CROSS REFERENCE TO RELATED APPLICATIONS

This application claims the priority benefit of Taiwan application serial no. 91113338, filed on Jun. 19, 2002.

BACKGROUND OF INVENTION

1. Field of Invention

The present invention relates to a memory module. More particularly, the present invention relates to a memory module testing/repairing method and device.

2. Description of Related Art

Nowadays, most personal computer systems include a main board, some interface cards and peripheral devices. The main board is at the heart of the computer system. Aside from having a central processing unit (CPU), a memory control chip and slots for accommodating interface cards, the main board also includes memory module slots for installing memory modules. The number of memory modules inserted into the memory slots can be varied according to demand. Each memory module consists of a plurality of memory chips.

The type of memory commonly used inside a personal computer includes synchronous dynamic random access memory (SDRAM) and double data rate dynamic random access memory (DDR DRAM). The SDRAM uses the rising edge of a clocking signal to trigger data access operations.
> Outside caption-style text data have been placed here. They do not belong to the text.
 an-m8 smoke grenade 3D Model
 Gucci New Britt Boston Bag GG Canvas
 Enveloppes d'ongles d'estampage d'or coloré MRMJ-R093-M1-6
The DDR DRAM uses both the rising edge and the falling edge of a clocking signal to trigger data access operations. Hence, DDR DRAM has a data access rate double that of the SDRAM.

At present, most DDR DRAM modules in the market use a 184-lead memory module slot that meets the JEDEC standard while the SDRAM modules use a 168-lead memory module slot. Hence, a memory module must be fabricated according to the memory slot standard and the final product must be tested before shipment. FIG. 1 is a flow chart showing the steps for fabricating a conventional memory module. The fabrication starts out with the input of a memory chip (S 110). Subsequent processes include assembling (S120), testing (S130). If nothing goes wrong after a testing operation, the product is ready for shipment. On the other hand, if failure is found in some memory address (S140), the failed memory chip is manually de-soldered (S160) and replaced with a new one. Another test is carried out to confirm the repaired memory module is error free.

However, the above procedure has the following drawbacks:

1. Need to employ specially trained agents to carry out the repair. Hence, production cost is increased.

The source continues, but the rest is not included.